# Ga. Deputy Sheriff killed in off-duty automobile accident



## kwflatbed (Dec 29, 2004)

By Domonique Benn 



The driver of a logging truck says it wasn’t anything he could do to prevent a fatal accident involving a Richmond County deputy on his way home from work. It happened on River Road, also known as the Highway 56 spur. The area is known for heavy logging traffic. And as News 12 takes that some route with a truck driver, we’re on your side when it comes to driving on the same road with big trucks. 

"I done seen the worse and I done seen the safe ones," said George Washington, truck driver. George Washington has been driving trucks for nearly 40 years. 

We get a view of a trucker’s life: "This is River Road we’re on River Road right here," Washington said. Washington says River Road has heavy logging traffic. "He fully loaded," Washington said. And when you’re fully loaded, the longer your trailer is the more room truckers need. "He gone pull almost in the center of the highway before he turns," Washington said. 

And Marshall Jordan says that is exactly what he was doing, swinging his rig out far just to get it into his driveway. He just finished dropping a load off at the mill. "When I was coming in I looked up the road and there wasn’t anything coming. I swung out around the edge of the pavement to come in my driveway and once I get to the edge of the road, bam," Jordan said. 
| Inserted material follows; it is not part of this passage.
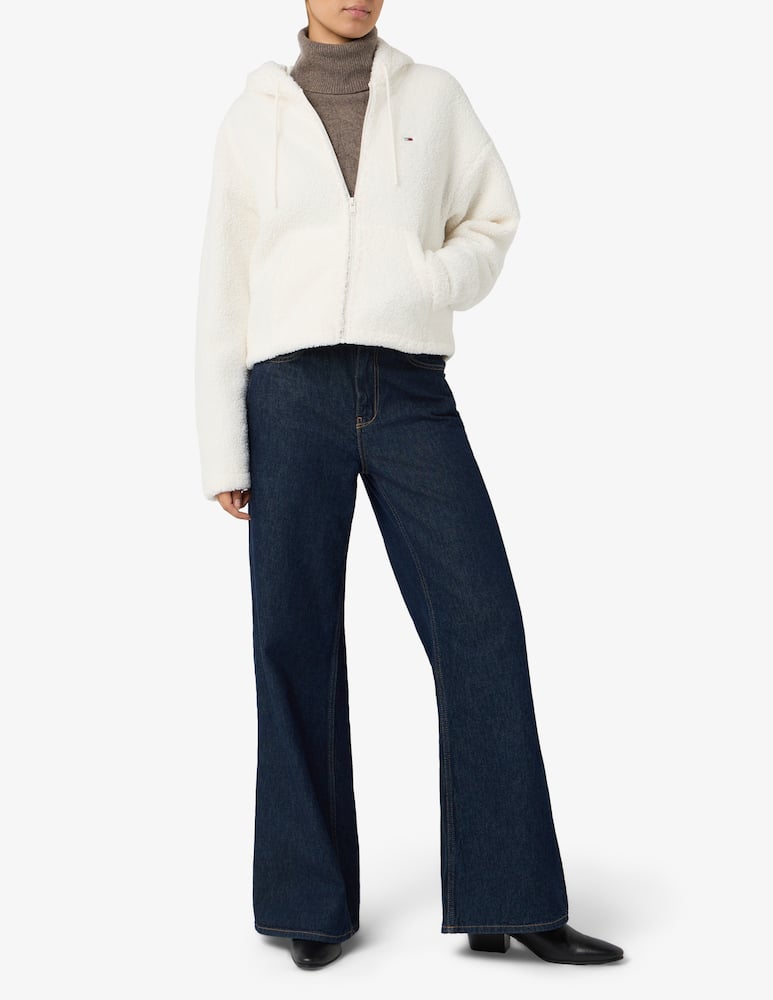 Tommy Jeans Giaccone teddy con cappuccio - immagine 2 Tommy Jeans Giaccone teddy con cappuccio - immagine 2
31-year-old Richmond County Deputy Shane Hamilton was killed when his car ended up under the trailer of the truck. He was on his way home from work. 

"I saw oh, Lord it done happened here," Jordan said. "Wasn’t anything I could do because it happened so quickly I didn’t even see no car coming." George says he has had so many close calls. "Slow down, give truck respect, cause you can’t win, you cannot win with a truck," Washington said. And while the cause is still unclear, it’s a wake up call for all. The autopsy results are not back on Deputy Hamilton. Another truck collided after the initial wreck. That person was not hurt. State patrol says they are still investigating and haven’t issued any citations at this time.


----------